Power shortages cripple industriesPower shortages cripple industries
Most of the industries across the country’s southern plains—Nepal’s industrial heartland—resumed operations after being shut for more than four months, but they are not being able to operate at full capacity due to crippling electricity crisis.
Although Nepal Electricity Authority (NEA) has decided to provide eight hours of power supply to industries located in Birgunj-Pathliya Industrial Corridor, the supply is irregular. “Even if there is electricity, voltage fluctuations have made it difficult to operate plants,” said Pradip Kedia, president of Birgunj Chamber of Commerce and Industry. “Diesel shortage has further worsened the situation.”
A single factory unit needs 3,000-5,000 litres of diesel daily to operate. There are around 1,000 factories along the industrial corridor.
As factories are not running at full capacity, industrialists are facing difficulties in repaying bank loans and paying salaries to their staffers.
They have demanded the government make a congenial environment to run factories. Recently, a group of industrialists and traders met government officials and political leaders in Kathmandu and informed them about the problems.
Traders, particularly from Birgunj—the epicentre of the Madesh agitation—have been the hardest hit. As the protestors have blocked the Burgunj customs point, the traders have been forced to reroute imported cargoes meant for the Birgunj-Pathliya industrial to other customs points.
Importers said they had to spend around Rs60,000 to Rs100,000 per truck to bring goods to Birgunj through other customs points. “Besides, the demurrage charges on consignments made from third countries has increased the freight costs sharply,” they said.
Ganesh Lath, former president of Birgunj Chamber of Commerce and Industry, said he paid nearly Rs1 million in demurrage charges for a 40-ft cargo container. However, importers are relieved to some extent after the government decided to address the issue of heavy demurrage charges. They said the demurrage charges have accumulated to Rs6 billion.

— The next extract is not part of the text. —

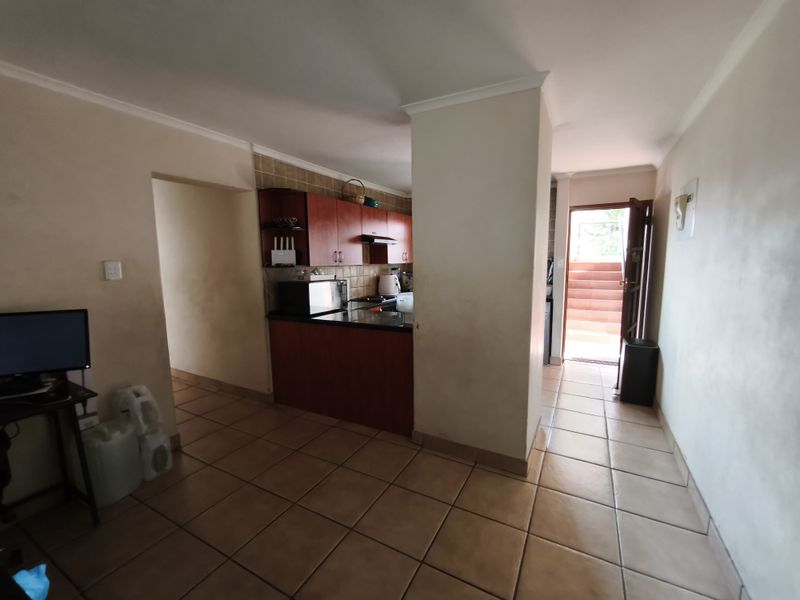 Modern Ground Floor 3-Bedroom Apartment with Private Garden Courtyard & Poolside Convenience - Photo 4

The business delegation also informed the Home Ministry about growing anarchy, such as rampant donation drive, in the area. “The government has not been able to provide security for industries and industrialists,” said a trader which did not want to be named.
Similar is the situation in Biratnagar. Purbanchal Lube Oil has remained shut for the last one and half months. The company’s chief Bhola Dulal says he has around Rs220 million to be recovered from dealers. “I am worried about how to recover the amount,” he said.
Although the factory resumed operation on December 16, it has hardly been able to operate due to the shortage of diesel to run power generators. “Even if we resume full-fledged operation, we cannot delivering the products to the market,” said Dulal.
After being hit hard by five-month-long Tarai banda and four-month-long Indian embargo, the Sunsari-Morang Industrial Corridor is now facing severe shortages of raw materials, besides the power crisis. The industries are struggling to repay bank loans due to the lack of cash flow. “Losses faced by the industries here have reached around Rs20 billion,” said Industry Association Morang President Shiva Shankar Agrawal.